Both of us immediately knew something was wrong and began to quicken our pace without even looking at each other. Frances looked over her shoulder just as they were about to grab us, and so felt the terrible feeling that something seriously bad was about happen. Sam only saw the guys coming from the side for a split second and so didn't even have time to consciously think about the situation but just suddenly felt unsafe. Both of us tried to run, and Sam began involuntarily screaming/shouting as loudly as he could.
Unfortunately for Frances they had her bag more firmly than Sam's, and amid the struggle she thought she had better unclip her bag and just get away (she hadn't seen the knife). Once they had her bag, they ran off - with us running in the opposite direction, absolutely terrified.
From the time we first saw them, to the time we were running away, wouldn't have been more than 3 or 4 seconds
We quickly took stock - neither of us were hurt and Frances bag didn't containing anything important, valuable or sentimental aside from a journal (with our credit card details inside, but we have dealt with this problem) and about $70US in cash - the ironic part being only about $4US was ours - the rest belonging to another volunteer who had given it to Frances to spend at the dentist that day
About 50 metres down the street we turned back to see if they were following us, but instead all the neighbourhood folk who had been hanging around were gesturing and yelling at us to return, saying they would try to get the bag back. Weren't going back for a second round thank you very much, but we heeded their advice to go and get the police - we hailed a cab and sped around the corner and spoke to a couple of officers standing on a corner.

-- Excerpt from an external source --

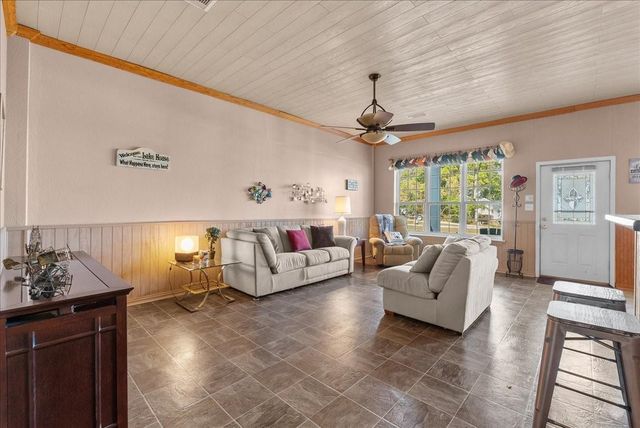 21 Flamingo Circle, Coldspring, TX 77331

As everyone else seemed to be, they were most interested to know whether our passports had been stolen - upon hearing they weren't (probably realising they wouldn't have a hope of getting anything else of value back) they lost interest merely telling us 'they would put the word out'. Thanks guys - serve and protect your own skins.....
Knowing it was a lost cause, we drove back to the mugging spot anyway, where the neighbourhood people were telling us to get the police etc. One boy told us he saw the robbers looking through Frances diary, so clearly everyone there knew them and where they lived.
Anyway, despite the experience being terrifying and a real low point in the trip (a close second to Fran's seizure episode), we both realise we were exceedingly lucky
On the way back home to Granada we both felt sick, shocked, angry, afraid - we were feeling pretty crap about the whole situation. To make matters worse, we didn't get home for another couple of hours, so we didn't even get the desperately needed hug we both pined for until we were starting to feel a bit better about the situation.
After quickly shooting off some emails to our parents (a burden shared is a burden halved), we returned home and discussed with our housemates what we should do about our credit cards. Later we emailed the bank and sorted it out, so we aren't nervous about the thugs using the details at all.
Thankfully, Thursday night was a lot lighter in tone, and we enjoyed a nice evening with our housemates eating copious quantities of jelly, icecream and marshmallows.
So all-in-all we're safe and sound - and little bit shaken still, and a lot more jumpy when walking down the street, but otherwise ok. We consul ourselves with the thought that perhaps the three lads got so smashed on booze and glue that they didn't rob anyone else for a few days (there was a hell of a lot of money for that kind of thing - would buy about 50 litres of beer or 12 litres of rum here), or more positively, on seeing Fran's diary they threw it away (with all the money inside) and some curious little girl picked it up and found the money to help her and her family out for a while - we live in hope.
Until better days in Costa Rica. Hasta Luego!